Task description - Output every entry exactly as given.

Data under study -

════════

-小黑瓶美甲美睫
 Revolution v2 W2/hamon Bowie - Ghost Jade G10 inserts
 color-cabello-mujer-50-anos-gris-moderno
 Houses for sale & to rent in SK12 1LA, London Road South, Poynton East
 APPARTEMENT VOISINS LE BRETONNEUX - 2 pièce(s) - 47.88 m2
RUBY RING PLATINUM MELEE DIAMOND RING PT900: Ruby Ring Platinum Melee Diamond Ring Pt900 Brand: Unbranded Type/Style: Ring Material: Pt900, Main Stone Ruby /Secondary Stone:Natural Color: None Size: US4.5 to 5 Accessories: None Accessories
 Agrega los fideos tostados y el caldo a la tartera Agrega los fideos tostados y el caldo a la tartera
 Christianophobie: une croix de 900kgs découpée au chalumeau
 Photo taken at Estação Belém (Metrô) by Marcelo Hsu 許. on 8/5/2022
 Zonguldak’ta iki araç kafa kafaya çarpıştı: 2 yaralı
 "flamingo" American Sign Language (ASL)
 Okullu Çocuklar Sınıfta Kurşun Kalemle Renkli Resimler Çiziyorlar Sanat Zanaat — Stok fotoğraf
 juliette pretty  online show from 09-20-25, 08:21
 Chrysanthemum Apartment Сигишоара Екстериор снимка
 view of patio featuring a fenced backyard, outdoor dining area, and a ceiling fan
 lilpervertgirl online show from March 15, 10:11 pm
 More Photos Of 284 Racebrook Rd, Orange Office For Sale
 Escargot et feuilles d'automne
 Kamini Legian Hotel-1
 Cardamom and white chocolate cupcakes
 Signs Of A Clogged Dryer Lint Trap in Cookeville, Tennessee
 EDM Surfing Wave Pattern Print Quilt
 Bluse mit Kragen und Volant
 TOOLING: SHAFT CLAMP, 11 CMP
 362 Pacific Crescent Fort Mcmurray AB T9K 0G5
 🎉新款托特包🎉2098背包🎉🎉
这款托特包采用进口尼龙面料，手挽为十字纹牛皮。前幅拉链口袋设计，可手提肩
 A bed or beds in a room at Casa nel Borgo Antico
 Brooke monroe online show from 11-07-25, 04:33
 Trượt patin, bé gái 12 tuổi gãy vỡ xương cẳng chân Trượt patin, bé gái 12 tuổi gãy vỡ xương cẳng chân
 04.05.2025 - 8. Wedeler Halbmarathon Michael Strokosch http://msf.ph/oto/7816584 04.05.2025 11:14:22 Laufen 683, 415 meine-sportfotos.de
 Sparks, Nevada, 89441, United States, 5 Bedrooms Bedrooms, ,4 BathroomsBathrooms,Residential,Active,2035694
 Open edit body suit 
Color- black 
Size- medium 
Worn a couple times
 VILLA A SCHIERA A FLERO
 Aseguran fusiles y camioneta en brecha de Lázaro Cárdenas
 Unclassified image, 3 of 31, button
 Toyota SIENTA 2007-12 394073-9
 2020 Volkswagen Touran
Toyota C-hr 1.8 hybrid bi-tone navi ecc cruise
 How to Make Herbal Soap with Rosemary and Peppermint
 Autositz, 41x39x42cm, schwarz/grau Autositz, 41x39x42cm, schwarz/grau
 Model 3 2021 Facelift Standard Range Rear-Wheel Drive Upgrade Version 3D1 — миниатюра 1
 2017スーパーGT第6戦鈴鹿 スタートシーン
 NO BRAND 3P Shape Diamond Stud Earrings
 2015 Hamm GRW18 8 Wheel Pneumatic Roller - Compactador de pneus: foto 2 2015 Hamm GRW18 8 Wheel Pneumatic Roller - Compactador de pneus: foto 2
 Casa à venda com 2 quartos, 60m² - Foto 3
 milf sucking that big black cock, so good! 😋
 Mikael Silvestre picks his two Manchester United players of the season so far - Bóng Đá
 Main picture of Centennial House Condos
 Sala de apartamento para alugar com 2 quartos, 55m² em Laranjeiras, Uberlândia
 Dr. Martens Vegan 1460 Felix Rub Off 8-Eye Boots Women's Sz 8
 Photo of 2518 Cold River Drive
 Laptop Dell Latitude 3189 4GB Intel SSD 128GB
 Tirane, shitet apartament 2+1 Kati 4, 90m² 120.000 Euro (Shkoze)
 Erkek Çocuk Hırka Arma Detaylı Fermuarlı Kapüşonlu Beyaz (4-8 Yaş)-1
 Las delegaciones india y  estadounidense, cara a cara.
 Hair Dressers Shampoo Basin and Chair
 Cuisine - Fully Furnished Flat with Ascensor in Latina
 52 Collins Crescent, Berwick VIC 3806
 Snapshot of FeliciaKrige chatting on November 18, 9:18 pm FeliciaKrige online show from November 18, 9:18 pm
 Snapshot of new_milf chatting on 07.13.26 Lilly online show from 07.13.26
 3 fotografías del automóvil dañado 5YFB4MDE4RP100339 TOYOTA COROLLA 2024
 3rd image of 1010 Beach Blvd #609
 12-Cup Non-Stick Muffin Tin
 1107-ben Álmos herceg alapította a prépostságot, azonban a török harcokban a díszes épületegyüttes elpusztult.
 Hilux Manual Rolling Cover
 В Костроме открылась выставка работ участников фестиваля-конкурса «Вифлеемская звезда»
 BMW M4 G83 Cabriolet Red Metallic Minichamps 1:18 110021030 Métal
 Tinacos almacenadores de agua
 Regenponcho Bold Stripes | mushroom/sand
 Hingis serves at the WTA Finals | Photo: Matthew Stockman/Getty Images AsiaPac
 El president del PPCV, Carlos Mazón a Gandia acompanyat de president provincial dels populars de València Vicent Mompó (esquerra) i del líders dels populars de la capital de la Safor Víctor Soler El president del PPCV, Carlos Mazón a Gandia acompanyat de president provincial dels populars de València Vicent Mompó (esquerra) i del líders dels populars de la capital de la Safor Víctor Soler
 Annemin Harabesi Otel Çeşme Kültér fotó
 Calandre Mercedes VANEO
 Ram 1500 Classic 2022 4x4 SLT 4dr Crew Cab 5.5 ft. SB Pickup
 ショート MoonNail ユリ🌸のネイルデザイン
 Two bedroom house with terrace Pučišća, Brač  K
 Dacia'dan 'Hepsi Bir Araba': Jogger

════════

Output of the task -
-小黑瓶美甲美睫
 Revolution v2 W2/hamon Bowie - Ghost Jade G10 inserts
 color-cabello-mujer-50-anos-gris-moderno
 Houses for sale & to rent in SK12 1LA, London Road South, Poynton East
 APPARTEMENT VOISINS LE BRETONNEUX - 2 pièce(s) - 47.88 m2
RUBY RING PLATINUM MELEE DIAMOND RING PT900: Ruby Ring Platinum Melee Diamond Ring Pt900 Brand: Unbranded Type/Style: Ring Material: Pt900, Main Stone Ruby /Secondary Stone:Natural Color: None Size: US4.5 to 5 Accessories: None Accessories
 Agrega los fideos tostados y el caldo a la tartera Agrega los fideos tostados y el caldo a la tartera
 Christianophobie: une croix de 900kgs découpée au chalumeau
 Photo taken at Estação Belém (Metrô) by Marcelo Hsu 許. on 8/5/2022
 Zonguldak’ta iki araç kafa kafaya çarpıştı: 2 yaralı
 "flamingo" American Sign Language (ASL)
 Okullu Çocuklar Sınıfta Kurşun Kalemle Renkli Resimler Çiziyorlar Sanat Zanaat — Stok fotoğraf
 juliette pretty  online show from 09-20-25, 08:21
 Chrysanthemum Apartment Сигишоара Екстериор снимка
 view of patio featuring a fenced backyard, outdoor dining area, and a ceiling fan
 lilpervertgirl online show from March 15, 10:11 pm
 More Photos Of 284 Racebrook Rd, Orange Office For Sale
 Escargot et feuilles d'automne
 Kamini Legian Hotel-1
 Cardamom and white chocolate cupcakes
 Signs Of A Clogged Dryer Lint Trap in Cookeville, Tennessee
 EDM Surfing Wave Pattern Print Quilt
 Bluse mit Kragen und Volant
 TOOLING: SHAFT CLAMP, 11 CMP
 362 Pacific Crescent Fort Mcmurray AB T9K 0G5
 🎉新款托特包🎉2098背包🎉🎉
这款托特包采用进口尼龙面料，手挽为十字纹牛皮。前幅拉链口袋设计，可手提肩
 A bed or beds in a room at Casa nel Borgo Antico
 Brooke monroe online show from 11-07-25, 04:33
 Trượt patin, bé gái 12 tuổi gãy vỡ xương cẳng chân Trượt patin, bé gái 12 tuổi gãy vỡ xương cẳng chân
 04.05.2025 - 8. Wedeler Halbmarathon Michael Strokosch http://msf.ph/oto/7816584 04.05.2025 11:14:22 Laufen 683, 415 meine-sportfotos.de
 Sparks, Nevada, 89441, United States, 5 Bedrooms Bedrooms, ,4 BathroomsBathrooms,Residential,Active,2035694
 Open edit body suit 
Color- black 
Size- medium 
Worn a couple times
 VILLA A SCHIERA A FLERO
 Aseguran fusiles y camioneta en brecha de Lázaro Cárdenas
 Unclassified image, 3 of 31, button
 Toyota SIENTA 2007-12 394073-9
 2020 Volkswagen Touran
Toyota C-hr 1.8 hybrid bi-tone navi ecc cruise
 How to Make Herbal Soap with Rosemary and Peppermint
 Autositz, 41x39x42cm, schwarz/grau Autositz, 41x39x42cm, schwarz/grau
 Model 3 2021 Facelift Standard Range Rear-Wheel Drive Upgrade Version 3D1 — миниатюра 1
 2017スーパーGT第6戦鈴鹿 スタートシーン
 NO BRAND 3P Shape Diamond Stud Earrings
 2015 Hamm GRW18 8 Wheel Pneumatic Roller - Compactador de pneus: foto 2 2015 Hamm GRW18 8 Wheel Pneumatic Roller - Compactador de pneus: foto 2
 Casa à venda com 2 quartos, 60m² - Foto 3
 milf sucking that big black cock, so good! 😋
 Mikael Silvestre picks his two Manchester United players of the season so far - Bóng Đá
 Main picture of Centennial House Condos
 Sala de apartamento para alugar com 2 quartos, 55m² em Laranjeiras, Uberlândia
 Dr. Martens Vegan 1460 Felix Rub Off 8-Eye Boots Women's Sz 8
 Photo of 2518 Cold River Drive
 Laptop Dell Latitude 3189 4GB Intel SSD 128GB
 Tirane, shitet apartament 2+1 Kati 4, 90m² 120.000 Euro (Shkoze)
 Erkek Çocuk Hırka Arma Detaylı Fermuarlı Kapüşonlu Beyaz (4-8 Yaş)-1
 Las delegaciones india y  estadounidense, cara a cara.
 Hair Dressers Shampoo Basin and Chair
 Cuisine - Fully Furnished Flat with Ascensor in Latina
 52 Collins Crescent, Berwick VIC 3806
 Snapshot of FeliciaKrige chatting on November 18, 9:18 pm FeliciaKrige online show from November 18, 9:18 pm
 Snapshot of new_milf chatting on 07.13.26 Lilly online show from 07.13.26
 3 fotografías del automóvil dañado 5YFB4MDE4RP100339 TOYOTA COROLLA 2024
 3rd image of 1010 Beach Blvd #609
 12-Cup Non-Stick Muffin Tin
 1107-ben Álmos herceg alapította a prépostságot, azonban a török harcokban a díszes épületegyüttes elpusztult.
 Hilux Manual Rolling Cover
 В Костроме открылась выставка работ участников фестиваля-конкурса «Вифлеемская звезда»
 BMW M4 G83 Cabriolet Red Metallic Minichamps 1:18 110021030 Métal
 Tinacos almacenadores de agua
 Regenponcho Bold Stripes | mushroom/sand
 Hingis serves at the WTA Finals | Photo: Matthew Stockman/Getty Images AsiaPac
 El president del PPCV, Carlos Mazón a Gandia acompanyat de president provincial dels populars de València Vicent Mompó (esquerra) i del líders dels populars de la capital de la Safor Víctor Soler El president del PPCV, Carlos Mazón a Gandia acompanyat de president provincial dels populars de València Vicent Mompó (esquerra) i del líders dels populars de la capital de la Safor Víctor Soler
 Annemin Harabesi Otel Çeşme Kültér fotó
 Calandre Mercedes VANEO
 Ram 1500 Classic 2022 4x4 SLT 4dr Crew Cab 5.5 ft. SB Pickup
 ショート MoonNail ユリ🌸のネイルデザイン
 Two bedroom house with terrace Pučišća, Brač  K
 Dacia'dan 'Hepsi Bir Araba': Jogger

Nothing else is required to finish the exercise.